YİNE BU GECE DEĞERLENDİRMEMİZ GEREKEN HADİSLER

 

Ebu Hüreyre (ra) rivayet ettiğine göre Resulullah (sav) şöyle buyurdu: Her kim faziletine inanarak ve karşılığını sadece Allah Teala’dan bekleyerek Kadir gecesini ihya ederse geçmiş günahları bağışlanır.                     Buhari, Müslim, Ebu Davud, Tirmizi, Nesai, İ.Mace

 

Aişe (ranha) şöyle rivayet eder. Ben Resulü Ekrem’e (sav), Ey Allah’ın Resulü, eğer Kadir gecesinin hangi gece olduğunu anlarsam o gece nasıl dua etmemi tavsiye buyurursunuz? diye sordum. Buyurdular ki: Şöyle de ”Allah’ım! Sen affedicisin, affetmeyi seversin, benim günahlarımı da bağışla.”                                                                      Tirmizi, İ. Mace

 

Ebu Hüreyre (ra) Resulüllah (sav)in şöyle buyurduğunu rivayet eder: İtidali koruyun ve doğruyu arayın! Biliniz ki hiç biriniz kendi ameli ile kurtuluşa eremez! dediler ki:

- Sen de mi kurtulamazsın Ey Allah’ın Resulü! Buyurdular ki:

- Ben de kurtulamam. Ancak yüce Allah’ın beni rahmetine daldırması ve keremi sayesinde (kurtuluşa ermişim).  

                                                          Müslim, Buhari, İ.Mace, A. b. Hanbel, Darimi, İ.Hibban, Ya’la                                                                      

                                                                                                          

Ebu Hüreyre (ra) rivayet ettiğine göre Resulullah (sav) şöyle buyurdu: Bir kimse uyuduğu zaman, şeytan onun ense köküne üç düğüm atar. Her düğümü attığında eliyle vurarak “Gece uzun olsun, uyu” der. Eğer o kişi gece uyanır Allah’ı zikrederse bir düğüm çözülür. Şayet abdest alırsa bir düğüm daha çözülür. Bir de namaz kılarsa üçüncü düğüm de çözülür. Böylece o kimse dinç ve neşeli bir halde sabahlar. Aksi takdirde uyuşuk ve tembel bir vaziyette sabahlar.                                                         
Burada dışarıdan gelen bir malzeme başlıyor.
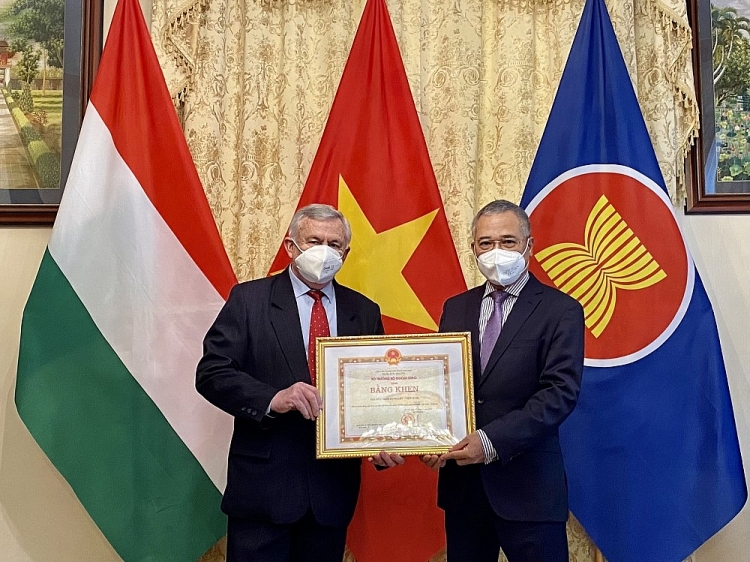 Đại sứ Nguyễn Tiến Thức trao Bằng khen của Bộ trưởng Ngoại giao cho lãnh đạo Hội Hữu nghị Hungary-Việt Nam.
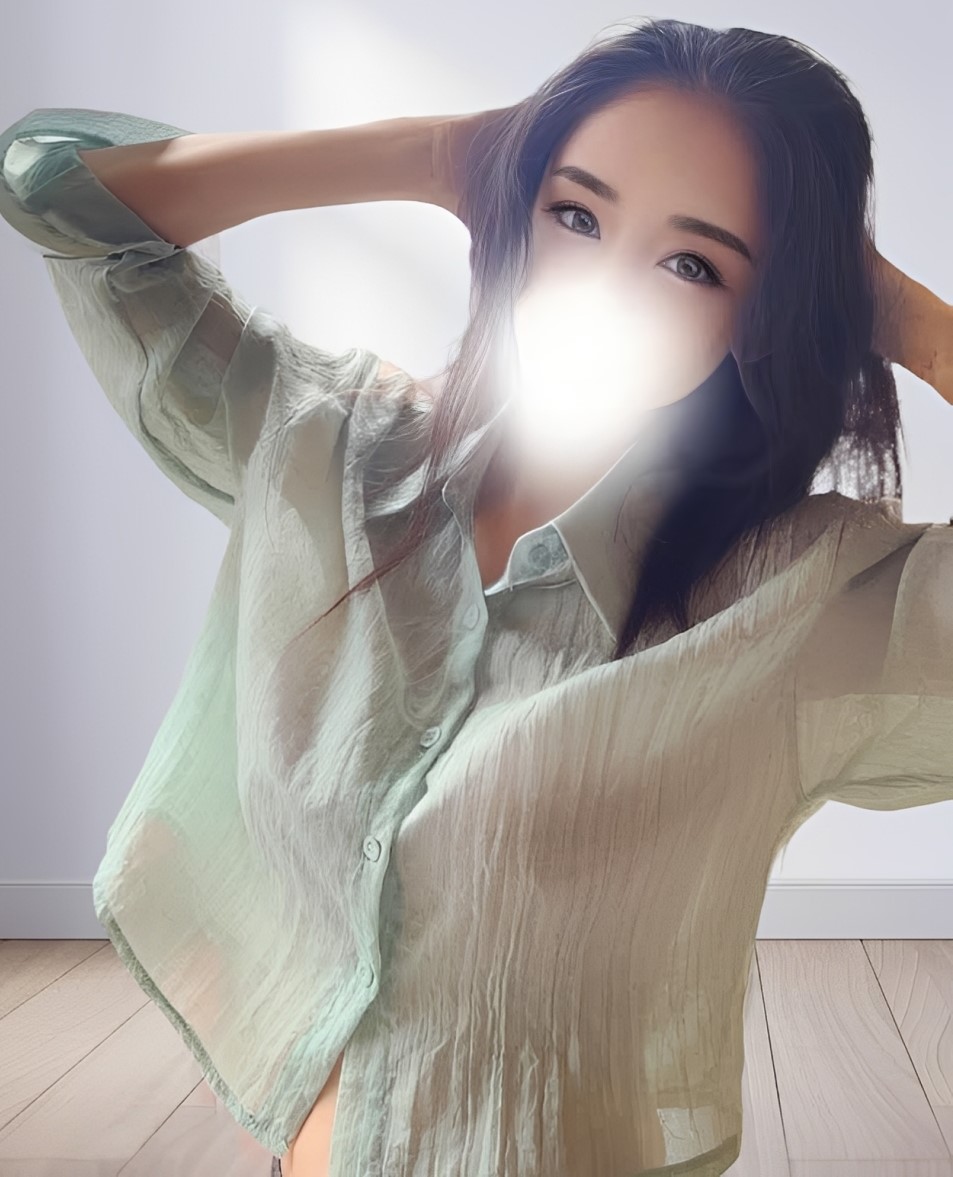 オールヌード&nbsp;シオンさん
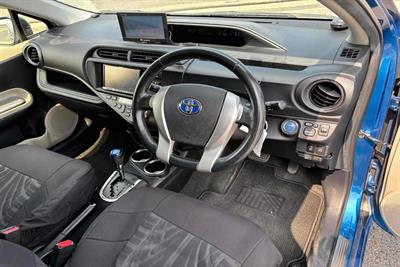 2012 Toyota Aqua - Thumbnail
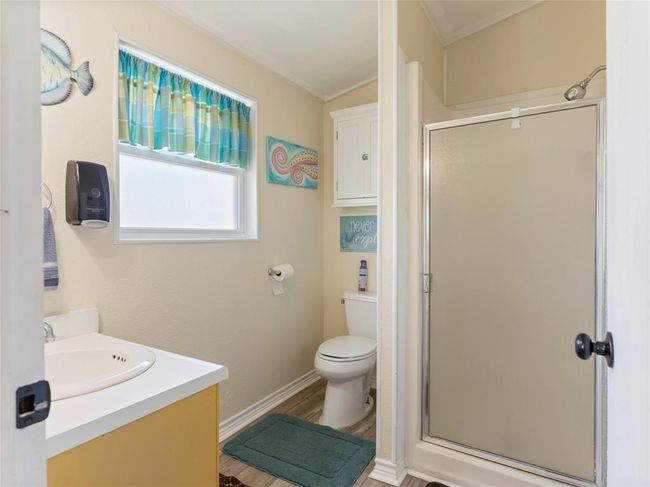 327 Bayshore Dr, House other with 3 bedrooms, 3 bathrooms and null parking in Palacios TX | Image 22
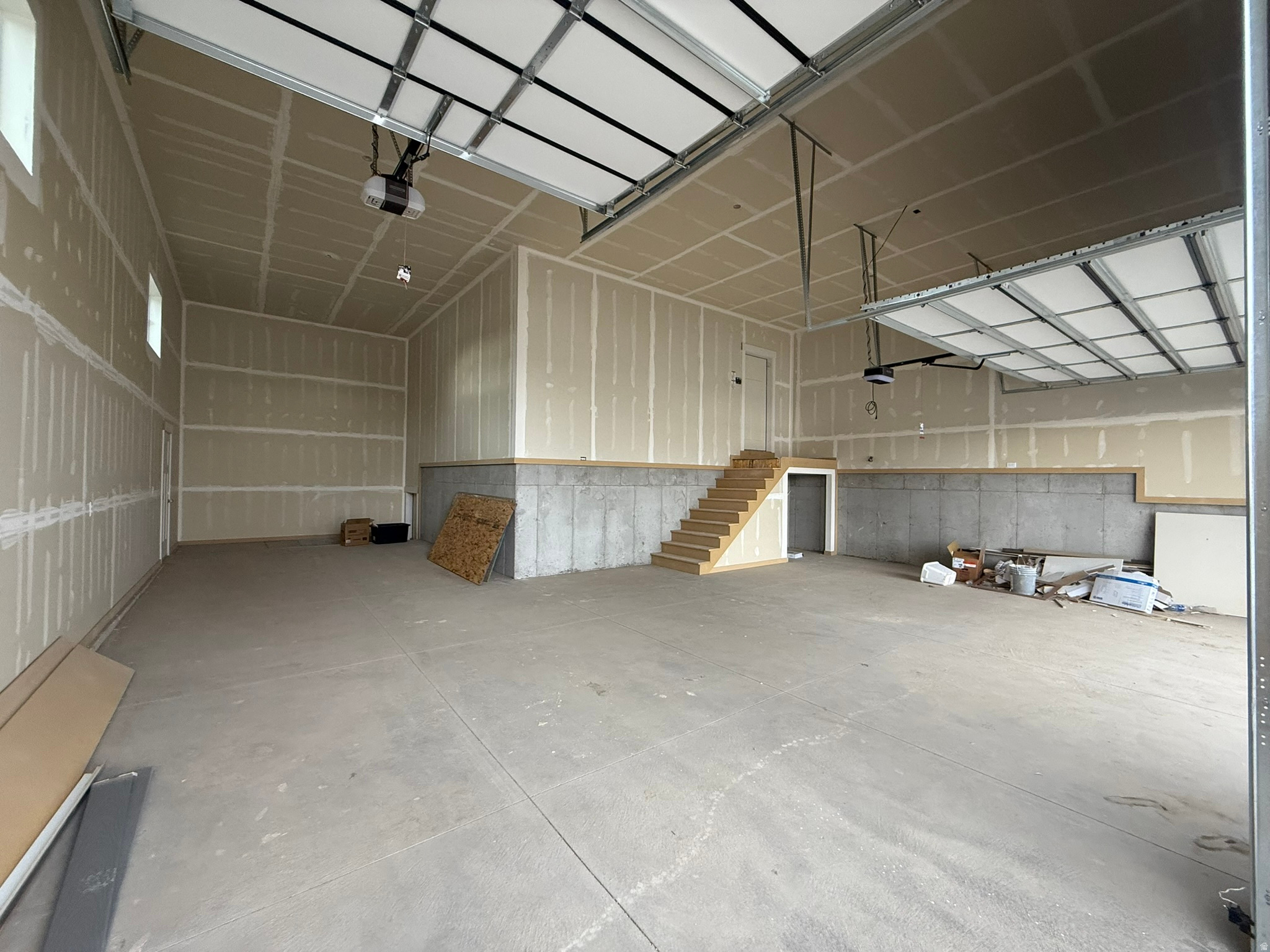 HAPPY DAYS - Residential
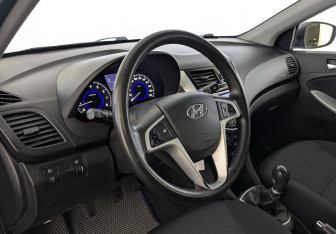 Подержанный автомобиль Hyundai Solaris Sedan 2012 года (16 фото)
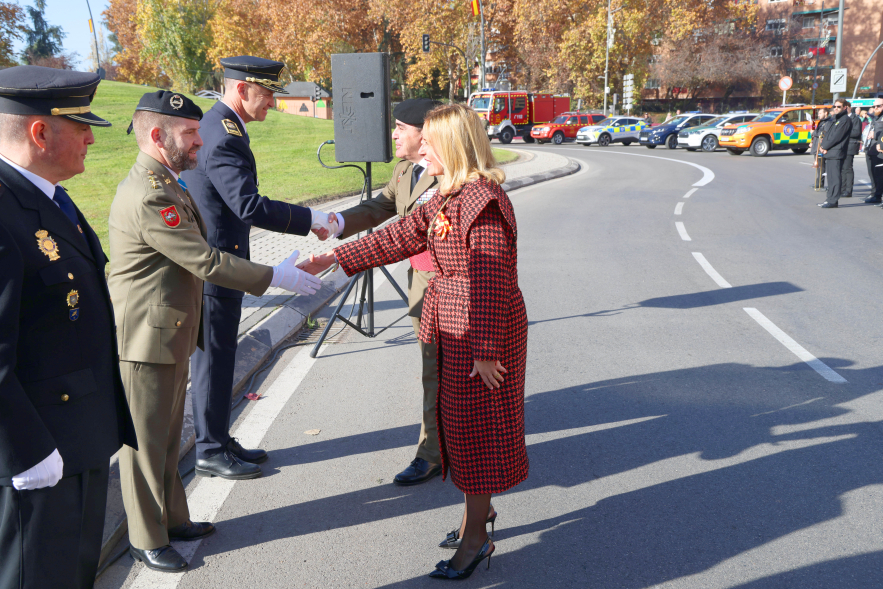 Día de la Constitución, saludo alcaldesa a los cuerpos de seguridad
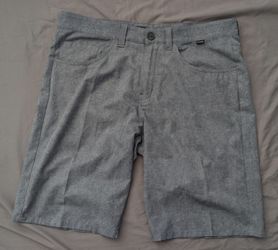 Travis Mathew Men's Shorts Size 34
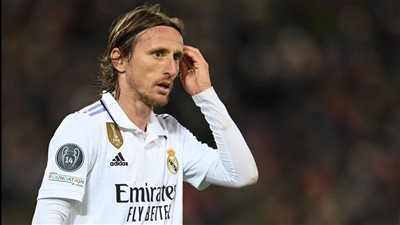 على خطى رونالدو وبنزيما مودريتش يوافق على الانتقال للأهلي السعودي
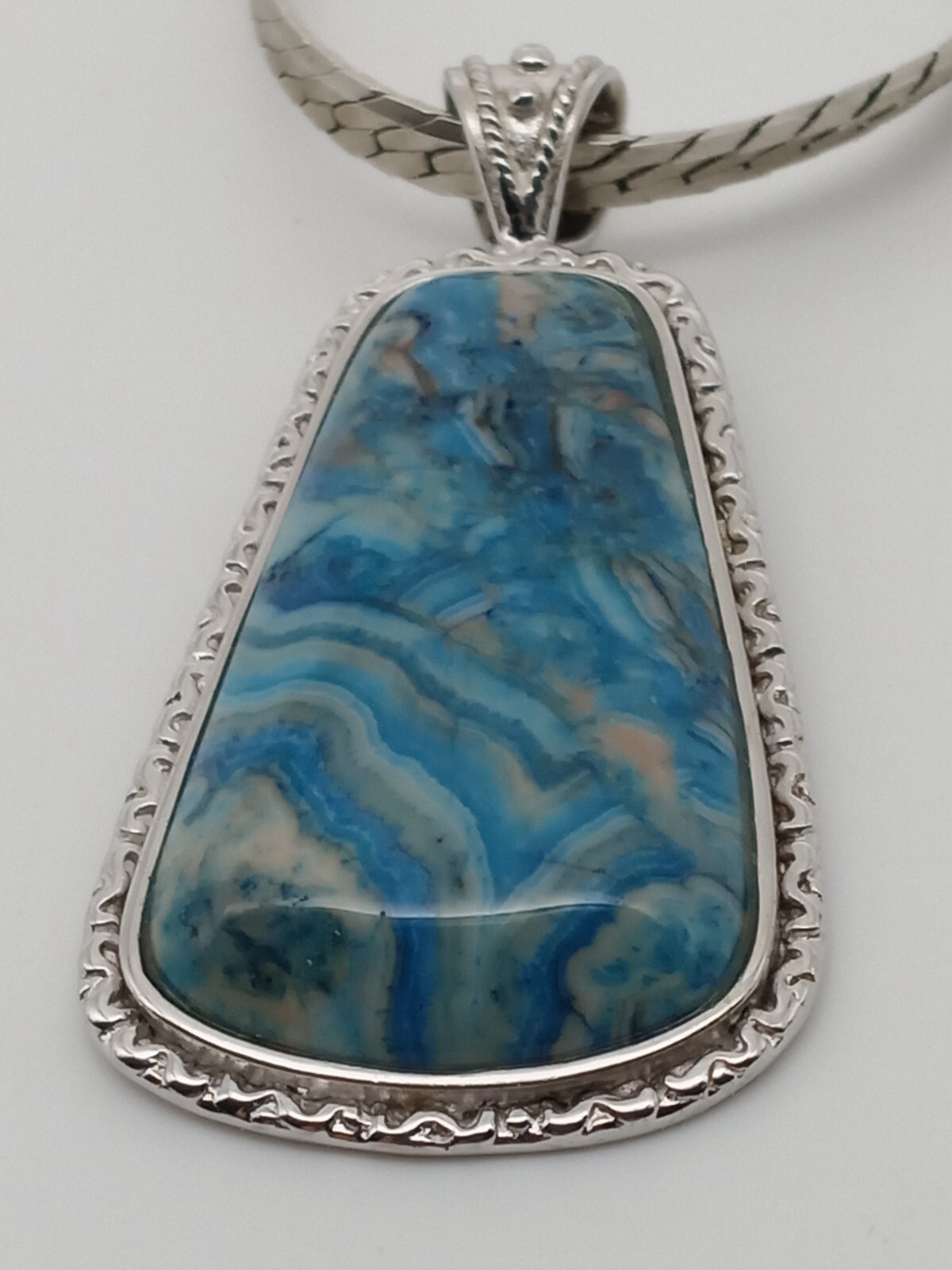 Napier Blue Stone Pendant Herringbone Chain Necklace Silver Tone Metal Shiny!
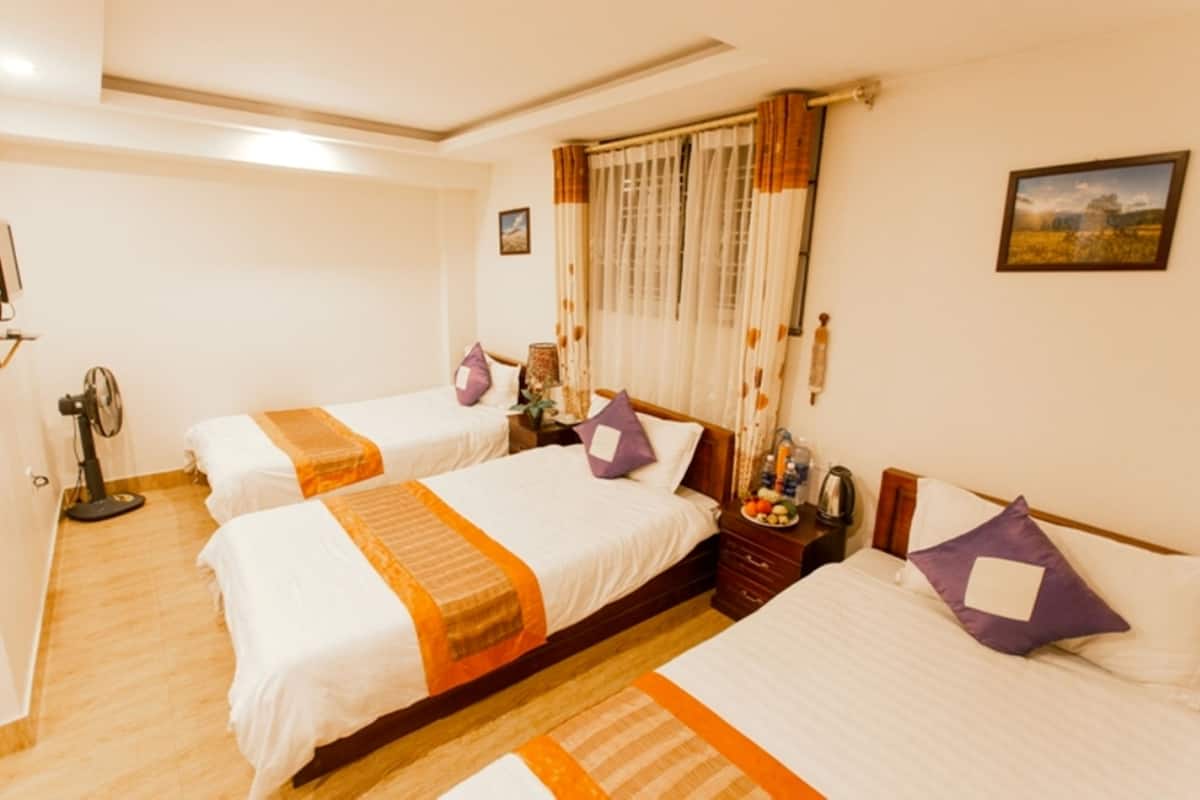 Habitación triple | Escritorio, sistema de insonorización, wifi gratis y ropa de cama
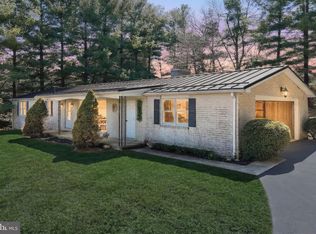 2501 Sunset Cir, Glenville, PA 17329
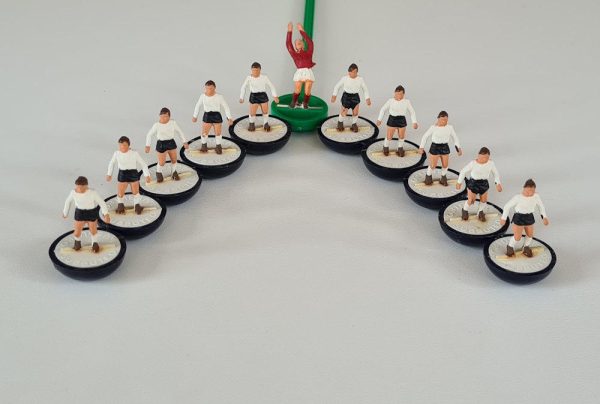 Vintage Subbuteo HW team 154 England 1970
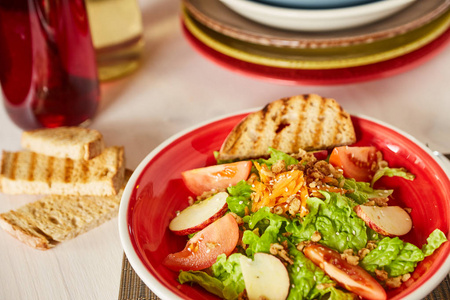 鲜蔬菜沙拉配苹果西红柿和胡萝卜。热爱健康的生食观念。完美的排毒饮食或只是一个健康的膳食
Buhari, Müslim, Ebu Davud, İ. Mace

 

 

Ebu Safvan Abdullah ibn Büşr el-Eslemi (ra) Resulullah’ın (sav) şöyle buyurduğunu rivayet eder: İnsanların en hayırlısı ömrü uzun ve ameli güzel olandır.                                  Tirmizi, Darimi, Ahmet b. Hanbel,

                         

 

 

                                                                     

Sonuç olarak:

Ömür sel gibi gelip gidiyor.

Nice insanlar yaşayıp öldüler.

Bugün onların çoğunun ne ismi ne de mezarları belli değil.

Ameli kötü ise kitabe de diksen faydası olamaz.

Biz de bir gün ölür ve insanlar tarafından unutuluruz.

Allah tarafından cehennemde terk edilmemek için onu hoşnut etmek gerekiyor. Bu nedenle coşkun selleri barajların tuttuğu ve kanallara yönelttiği gibi biz de İslam’ın daha da yücelmesi için büyük hayır kurumlarında hizmet ve öncülük ederek bir noktada manevi hayır barajları kurarak, hem de bu geceleri değerlendirerek uzun bir ömür yaşayamasak da amel defterlerimizi açık tutmak için hizmet yatımlarıyla ömrü değerlendirmek gerekiyor. Maddeten olmasa da manen uzun ömürlüler ve çok hayırlılar arsına girebiliriz.

İyi niyetleri ve iyilikleri insanlar bilmese de Yüce Rabbimiz bilmektedir.